Родители Михаила Петровича жили в Астраханской области, но когда он был еще маленьким, его перевезли в Чечню. Тогда это была Грозненская область, за 400 км от Астрахани. Там он прожил 22 года.

— Школа, учеба в училище в Грозном, первое рабочее место, первая публикация, первая любовь, первые радости и разочарования — все это у меня связано с Гудермесом. Для меня это слово до сих пор звучит как музыка, — с грустью вспоминает Михаил Петрович.

Первой страстью Вязового была музыка.

— Как я ходил за маманей. Схвачусь за подол, говорю: «Маманя, купи мне гармошку», а она в ответ: «Отстань, иди лучше козу попаси». Но все-таки я не отставал. Чуть-чуть подрос, и в 12 лет мне солдаты подарили гармошку. В 13 лет я упросил маму в тайне от отца продать стог сена и купить мне за 300 рублей, как сейчас помню, баян. Пиликал я на нем день и ночь. Мечта моего папы, чтобы я стал военным моряком, не оправдалась. Зато первая песня, которую он заставил меня играть на баяне, — «Самое синее в мире, Черное море мое!», — с улыбкой на лице рассказывает Михаил Вязовой.

Все вокруг говорили, что с такой настойчивостью ему надо профессионально учиться музыке. В это же время в Гудермесе открыли музыкальную школу. И Михаила Петровича туда, конечно, приняли.

— Я летел домой как на крыльях, душа пела. Мне кажется, я перелетал через железную дорогу, через насыпи по воздуху. Вот так я был воодушевлен музыкой! Меня сразу перевели из первого класса в третий. В школе сказали, что у меня замечательные музыкальные способности. Однако жизнь показала, что ничего подобного у меня нет.

Несколько лет Михаил Петрович играл в духовом оркестре. Он знал наизусть все свадебные, похоронные мелодии, национальную музыку других народов. В то время все жили бедновато, поэтому и приходилось играть.

— Нас еще обязали хор посещать, но его я еще стерпел. А вот радиокружок, куда мы с другом записались, мне не понравился. Там канифолью воняло, а остальные говорили: «Да какой божественный запах». Кстати, эта история с запахами повторилась через 50 лет.
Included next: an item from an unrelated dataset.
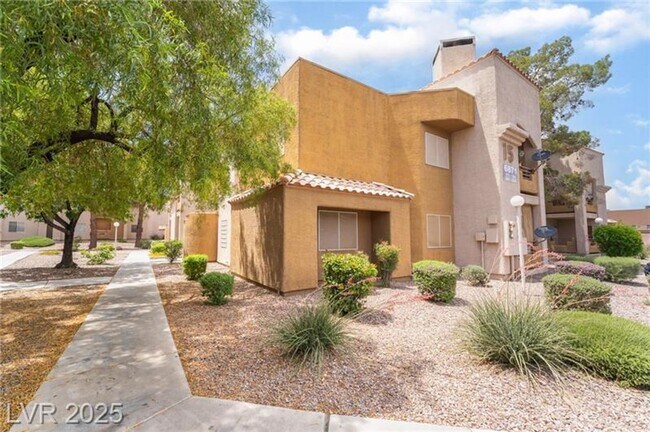 Building Photo - INVITING 2 BEDROOM TOP FLOOR CONDO IN A CE...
В тяжелые 90-е годы я несколько раз делал публикации для европейского журнала «News». И однажды предложил им тему «Свадьба бомжей». На улице я заметил молодых парня и девку. Они грязные сидели на скамейке и обнимались. Я подошел, говорю: «Ребят, хотите прославиться? Мы организуем вашу свадьбу, напечатаем в газетах, снимки пошлем в Европу». У них загорелись глаза, вроде согласились. Прошло несколько дней, я пришел к ним в то место, где они обитали — место гнилое: свалка, вырытые ямы, вонь жуткая. Они туда натащили старые диваны, выброшенные ковры. Я к ним — они от меня. Спрашиваю: «Что такое?». А они мне: «Ты нам воздух испортил». А я помню после того, как я с ними поговорил, меня жена пилила: «Ты весь провонял, ты где был?». И я перед новым визитом вылил на себя целый флакон одеколона «Гвоздика». И вот этот резкий запах «Гвоздики» для них таким неприятным оказался, что они от меня шарахались в сторону. Свадьба, кстати, расстроилась. Они отказались. Туда еще приперся участковый, начал документы требовать. Ну, в общем, не срослось. Тогда я очень чётко вспомнил радиокружок и до тошноты противный запах канифоли.
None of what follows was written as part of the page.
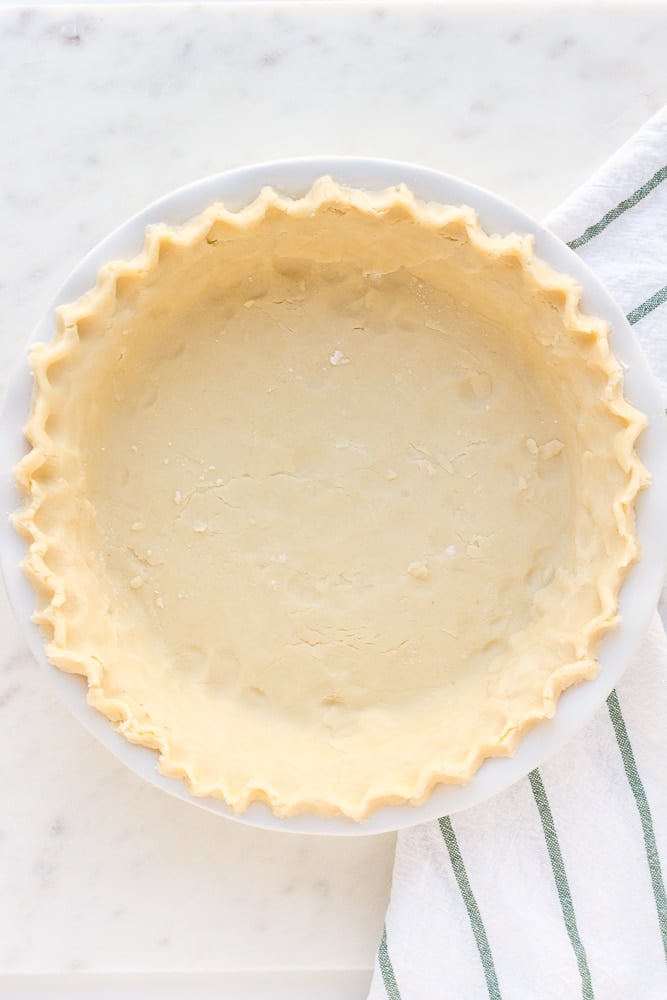 finished vegan pie crust with fluted edges, not cooked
Я на мир стал смотреть через окуляр видоискателя фотоаппарата

— Вы помните, как сделали свои первые фотографии? — спрашиваю я.

— Помню. 31 декабря 1964 года, мне 17 лет. Мы с друзьями пошли в горы загорать. То ли у меня трусы были с дыркой, то ли еще что-то, ну, в общем, я постеснялся раздеться. И на меня повесили фотоаппарат: «Раз ты не хочешь загорать, вот тебе „Смена“, будешь фотографом». Две фотографии с того дня у меня до сих пор хранятся в семейном альбоме, — рассказывает Михаил Петрович.
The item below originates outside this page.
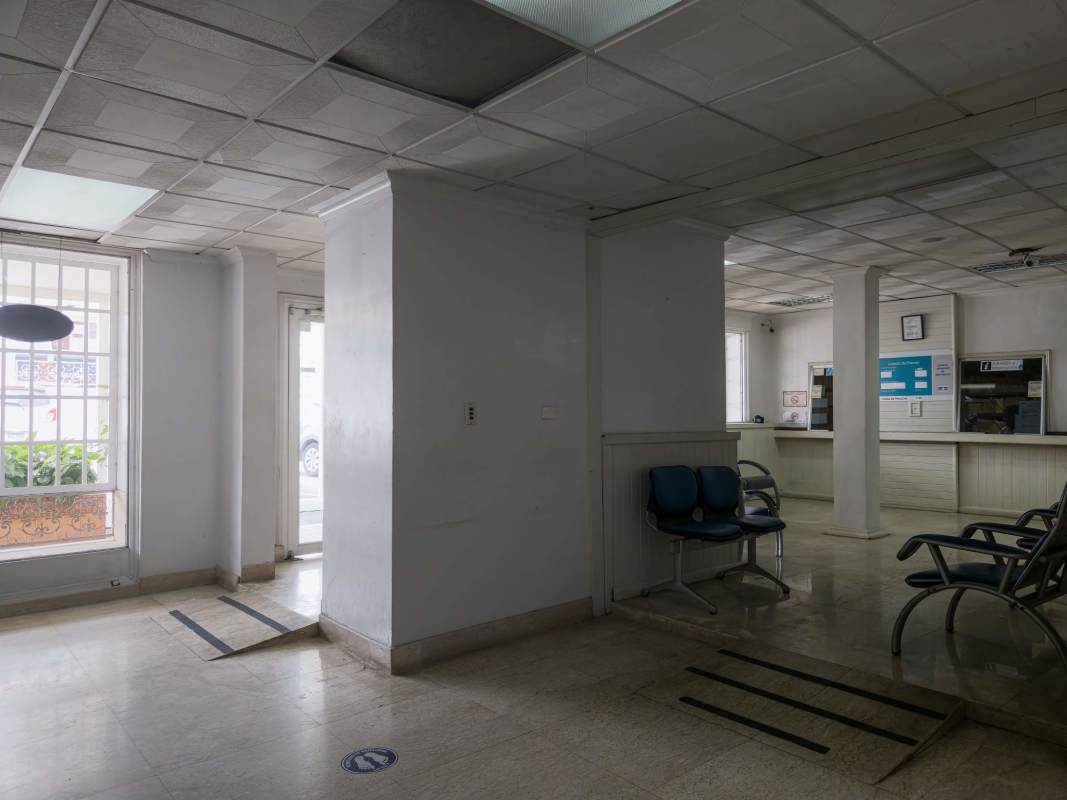 Consultation space with desk and shelves inside hospital building Panama City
— А как купили первый фотоаппарат, помните?

— 65-й год. Я увидел в культтоварах фотоаппарат «Смена-6» — восемь рублей с копейками. Думаю «бешеные деньги», у меня больше 30 копеек никогда не бывало. Одному как-то стыдно ходить пустые бутылки собирать. Я старшего брата решил привлечь к этому делу. Бутылка, как сейчас помню, стоила 12 копеек. Мы собирали, наверное, несколько недель. В итоге получилось девять рублей с копейками. Я купил себе первый фотоаппарат. И понеслось… Я на мир стал смотреть через окуляр видоискателя фотоаппарата.

Хоть все это и являлось ключевыми моментами в становлении Михаила Петровича, как фотографа, сам он говорит, что в его жизни было два потрясения, после которых он понял, что фотография для него это что-то большее.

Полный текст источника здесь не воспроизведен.